Lately, I have been dealing with a problem that I didn't know how to name it to solve it properly.
The problem is as follow: let's assume that we have a set of elements $A$. And, we have two functions $f$ and $g$, where for any sub-set $B \subset A$ where $\left|B\right| < k$, $k$ is a constraint:
- $f(B)$ : estimates the gain obtained by the set $B$.
- $g(B)$ : estimates the loss obtained by the set $B$.
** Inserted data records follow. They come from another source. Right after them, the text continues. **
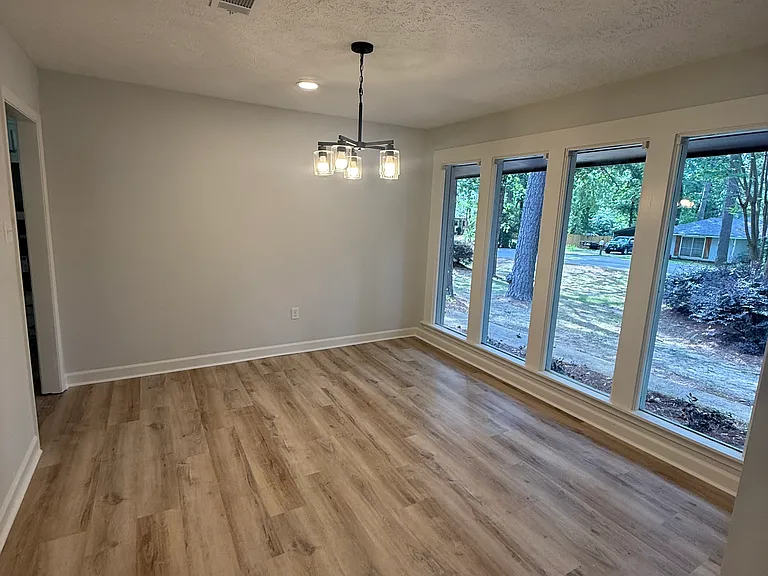 109 Park Ln — Photo 18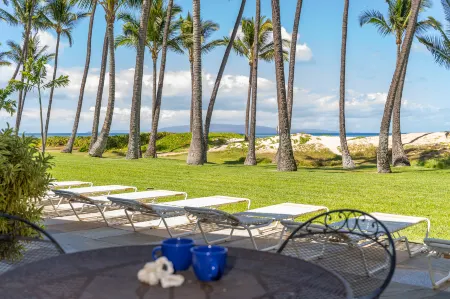 Budget Friendly Oceanfront Condo, Unbeatable Sunsets! Отели рядом с достопримечательностью «Kihei Aquatic Center»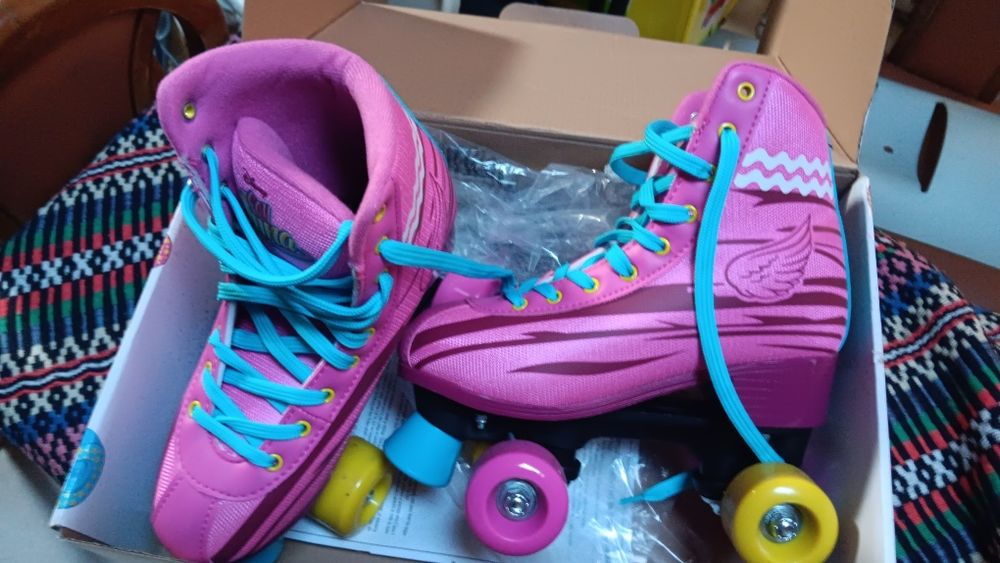 Patins Soy Luna novos com caixa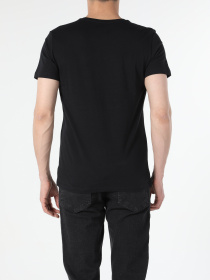 Футболки и поло Colin’s модель CL1056465BLK Фото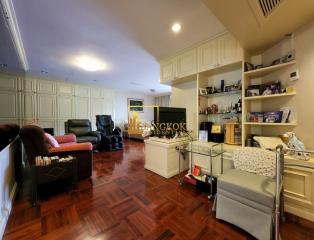 3 Bedroom House For Sale in Sathorn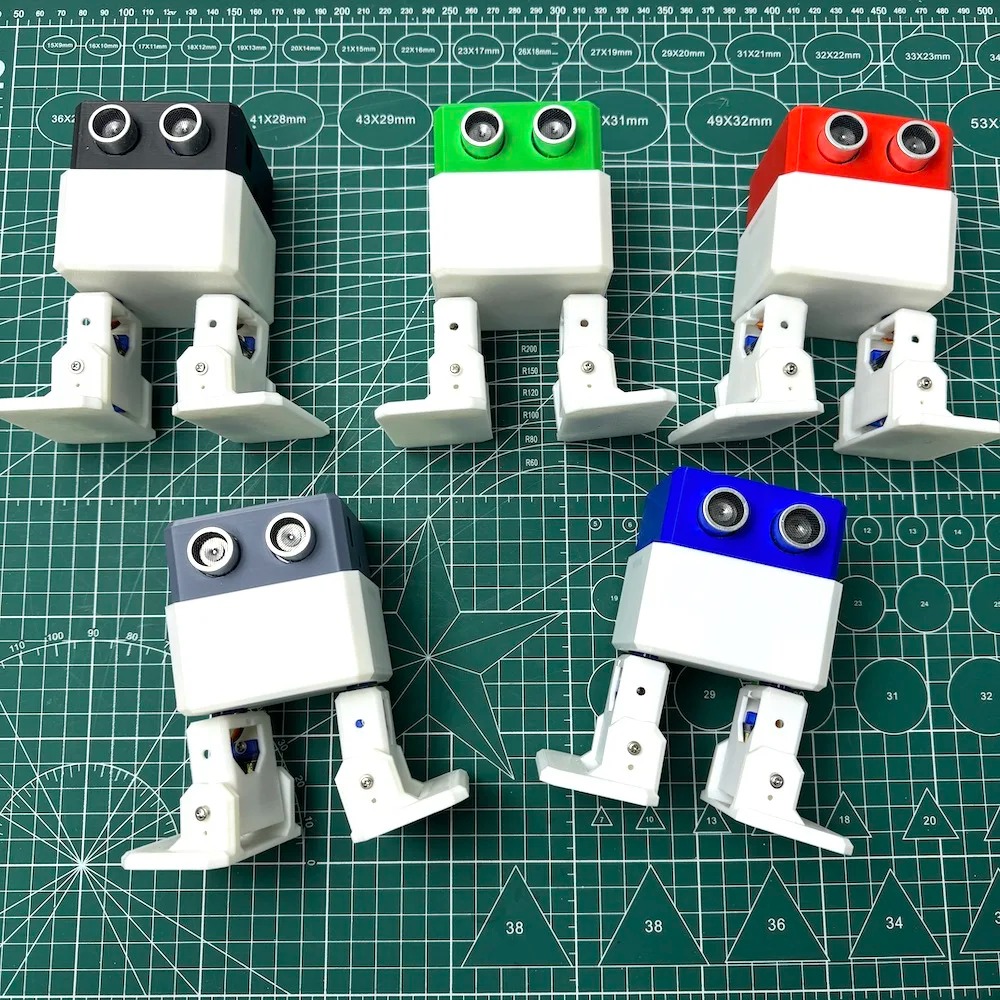 3Dプリント製の二足歩行ロボットキット。超音波センサー搭載。 - Stem Robotics Kit のレビューと価格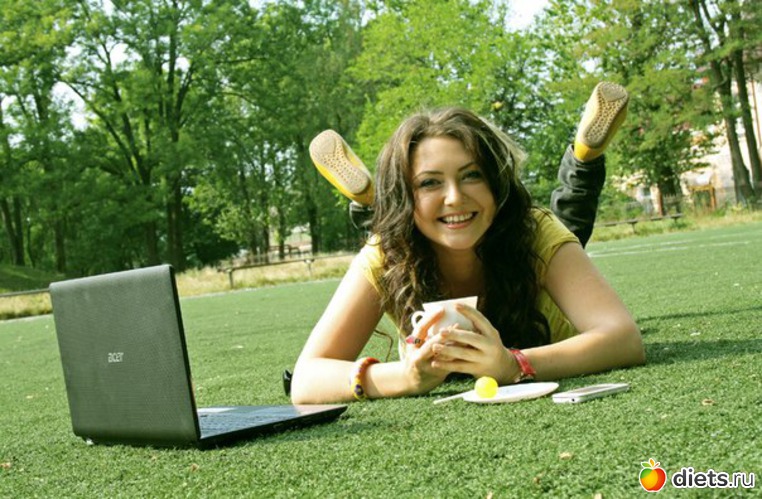 Щасливая мамочка двух малышей)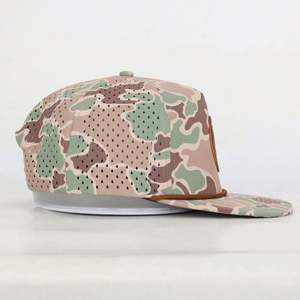 Gorra Snapback OEM Personalizada de 5 Paneles con Parche de Cuero Deportivo, Diseño de Camuflaje 'Old School Duck', Agujeros Cortados con Láser y Logotipo, Venta al por Mayor - Product Image 2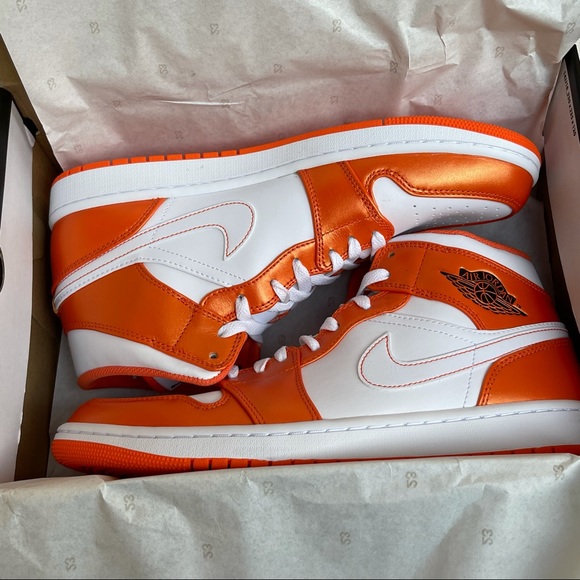 AIR JORDAN 1 MID SE ELECTRO ORANGE 11.5 BRAND NEW IN BOX - Picture 3 of 14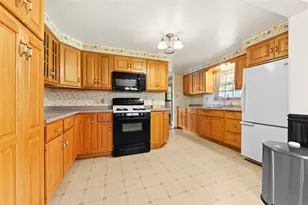 102 Michael Dr, Level Green, PA 15085 - Photo 12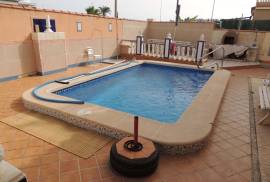 Great opportunity! Plot 450 m2 with swimming pool! Detached house with 4 winds in Torrevieja!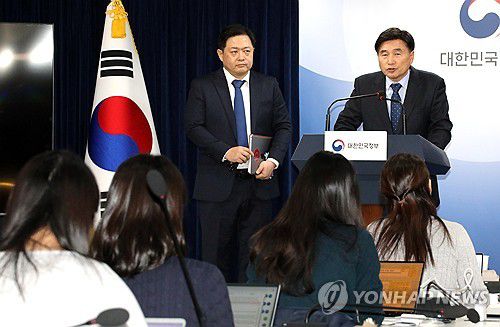 2024학년도 수능 채점 결과는(서울=연합뉴스) 배재만 기자 = 오승걸 한국교육과정평가원장이 7일 오후 정부서울청사에서 2024학년도 수능 채점 결과에 대해 브리핑하고 있다. 왼쪽은　강태훈 수능 채점위원장．2023.12.7 scoop@yna.co.kr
In our problem we have two strategies $S_1$, $S_2$ which depend on the circumstances of the environment
- $S_1$: selects a set $B_1$ that maximizes the gain
- $S_2$: selects a set $B_2$ that minimizes the loss
my strategy is a hybrid strategy selecting sets $B_1$ and $B_2$ where $\left|B_1\right|+\left|B_2\right|<k$, and we aim to maximize the gain and minimize the loss at the same time. My problem would be: $(max(f(B_1)), min(g(B_2))) s.t. \left|B_1\right|+\left|B_2\right|<k$
NT: given that there are several circumstances sometimes $S_1$ works more efficiently, and some cases $S_2$ works better
Is there anyone who knows what type of problem? Any documentation about it? Since it is an NP-hard problem, is there a way to find an approximation with in the optimal solution?